Rollen, fallen und fliegen

■ Die Vielfalt der Tanzinitiative Hamburg e.V. ist verblüffend

Bernstorffstraße 117 in Altona, ein Hinterhof. Der Aufgang ist schwer zu finden, obwohl ein Schild „Triade“ zum Tanzzentrum führt. Im oberen Stockwerk sitzt Jan Tetens am Schreibtisch und zählt Anmeldungen für die bundesweite Contact-Jam, die zwischen Weihnachten und Neujahr stattfindet. Programmplan: morgens 10 Uhr Frühstück, kurz warmmachen. Bis zum Abendbrot um 17 Uhr heißt es dann: sieben Stunden täglich tanzen. Wer will das freiwillig? „30 Anmeldungen liegen schon vor. Mehr als 40 sollen es auch nicht werden, und die Hamburger sind noch gar nicht eingerechnet.“

Jan ist einer der 15 Tänzerinnen und Tänzer, die sich im letzten Jahr zur Tanzinitiative Hamburg e.V. (TiH) zusammengeschlossen haben. Die Initiative ist für Hamburg schon etwas Besonderes: Die Hansestadt zeigt wenig Interesse am zeitgenössischen Tanz. Zwar schmückt man sich gern mit dem großen Namen John Neumeiers, aber jenseits des Balletts werden kaum andere Tanzstile gefördert – anders als etwa in Berlin. Zudem streiten sich in Hamburg die freien Tänzer oft auch noch untereinander wegen der paar Mark, die die Kulturbehörde vergibt – ein trauriges Bild.

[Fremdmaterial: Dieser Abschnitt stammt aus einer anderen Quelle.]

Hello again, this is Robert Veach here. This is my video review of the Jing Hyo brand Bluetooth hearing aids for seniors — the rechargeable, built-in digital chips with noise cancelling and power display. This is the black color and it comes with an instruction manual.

Also haben sich die Mitglieder der TiH selbst ein Forum geschaffen für neue, zeitgenössische Tanzformen. Sie proben hier, unterrichten, tauschen sich aus und bilden eine Produktionsgemeinschaft, um sich Auftrittsorte zu erschließen. Denn, so Mit-Initiatorin Irmela Kästner: „Management ist heute das A und O.“

Gegründet hat sich die TiH auf Initiative von Gloria Brandt-Burgert. „Es war im Frühjahr 1993, Gloria und Susanne kamen gerade von ihrer Ausbildung an der School for New Dance Development in Holland“, erinnert sich Heilke Bruns. Dann kamen noch zwei Frauen aus dem Kinesis in Altona hinzu. „Und dann wurden es ganz schnell ganz viele.“

Heilke ist gelernte Rhythmik-Lehrerin und hat gerade die Ausbildung Body-Mind-Centering in Massachussetts abgeschlossen. Aber was ist Body-Mind-Centering? Und was sind all die anderen Techniken, die in der TiH getanzt und gelehrt werden: Shiatsu, Alexandertechnik, Laban, CMA, Authentic Movement, Suprabto, Hatha Yoga, Contact? Und was ist Contact 17?

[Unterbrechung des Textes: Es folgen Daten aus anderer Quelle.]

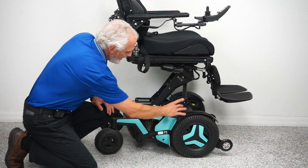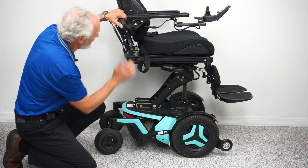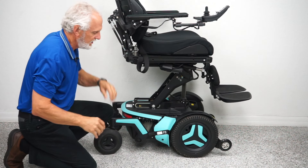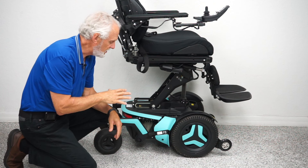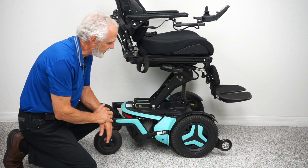The ride is going to be super smooth because you have a shock here and one here. If I push down, you'll see this shock right here on the fork. Because of the weight of the chair and with four of these — two on each side — the ride is going to be so smooth.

Anruf bei Jan Tetens. Was ist „Contact 17“? Jan lacht. „Nein, die heißen nicht so, weil es 17 Leute sind. Der Name kommt von der Musikgruppe ,Station 17' in den Alsterdorfer Anstalten. Das ist 'ne Band aus behinderten und nichtbehinderten Musikern. ,Contact 17' ist das gleiche, nur mit Tänzern. Die treten oft zusammen auf. Aber frag mal Stina, die war von Anfang an dabei.“ Wo ist Stina?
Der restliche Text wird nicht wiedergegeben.